_Brief_
Give back exactly the lines from the start of the entries below to the line holding "Sunrise and early", that line included, and leave every picture out.

Image-text web data:
━━━━━━━━━━━━━━━━━━━━━━━━━━━━━━
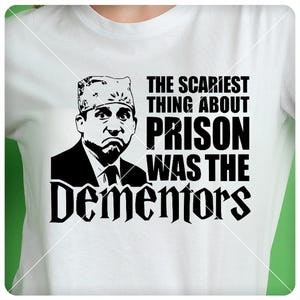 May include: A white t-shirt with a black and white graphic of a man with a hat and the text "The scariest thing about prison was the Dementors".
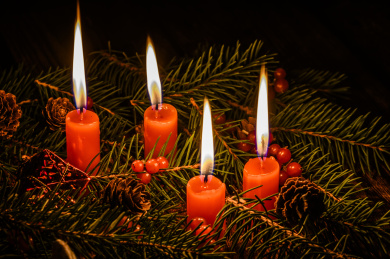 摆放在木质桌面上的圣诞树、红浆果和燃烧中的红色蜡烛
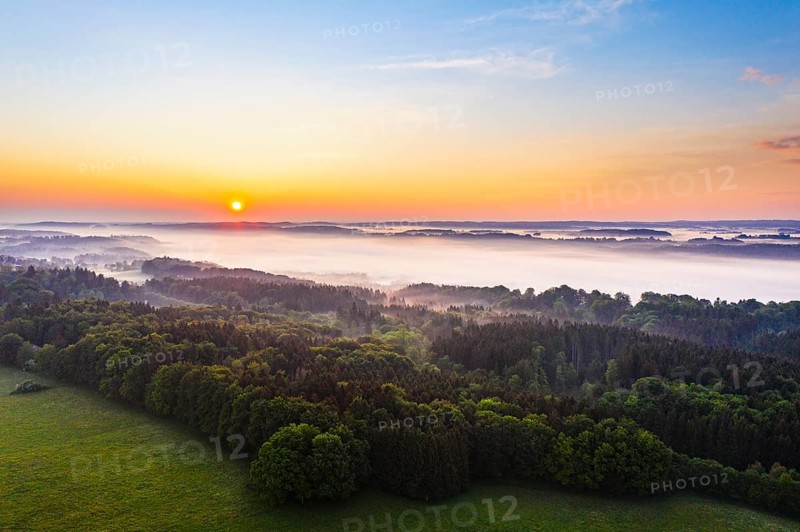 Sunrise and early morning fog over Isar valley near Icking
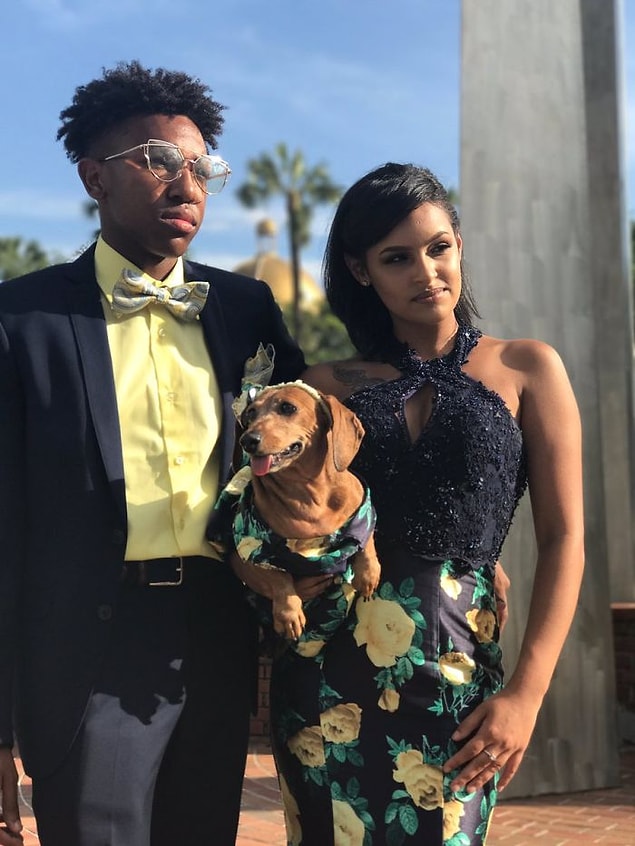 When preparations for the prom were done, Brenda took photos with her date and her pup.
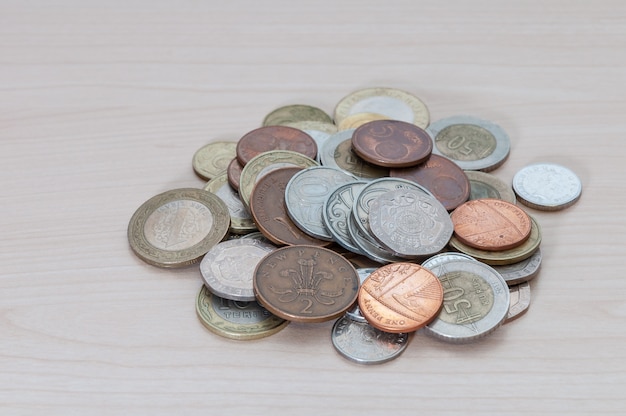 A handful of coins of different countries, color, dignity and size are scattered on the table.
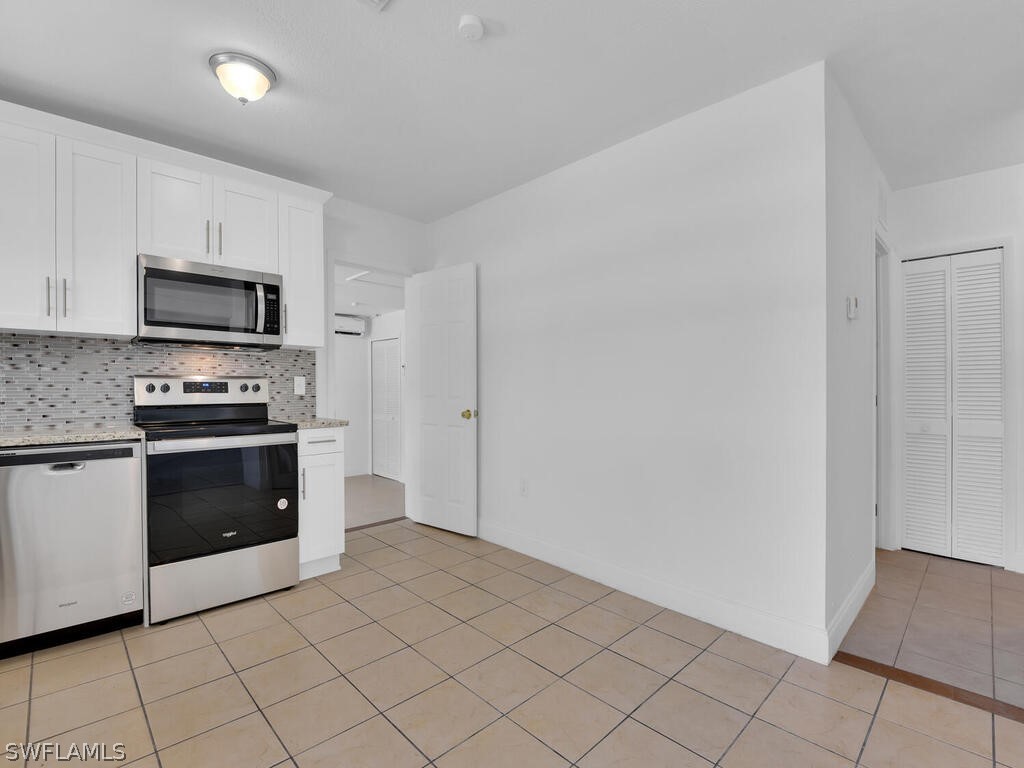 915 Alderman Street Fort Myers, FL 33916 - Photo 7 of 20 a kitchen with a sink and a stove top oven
━━━━━━━━━━━━━━━━━━━━━━━━━━━━━━
_Result of the task_
 May include: A white t-shirt with a black and white graphic of a man with a hat and the text "The scariest thing about prison was the Dementors".
 摆放在木质桌面上的圣诞树、红浆果和燃烧中的红色蜡烛
 Sunrise and early morning fog over Isar valley near Icking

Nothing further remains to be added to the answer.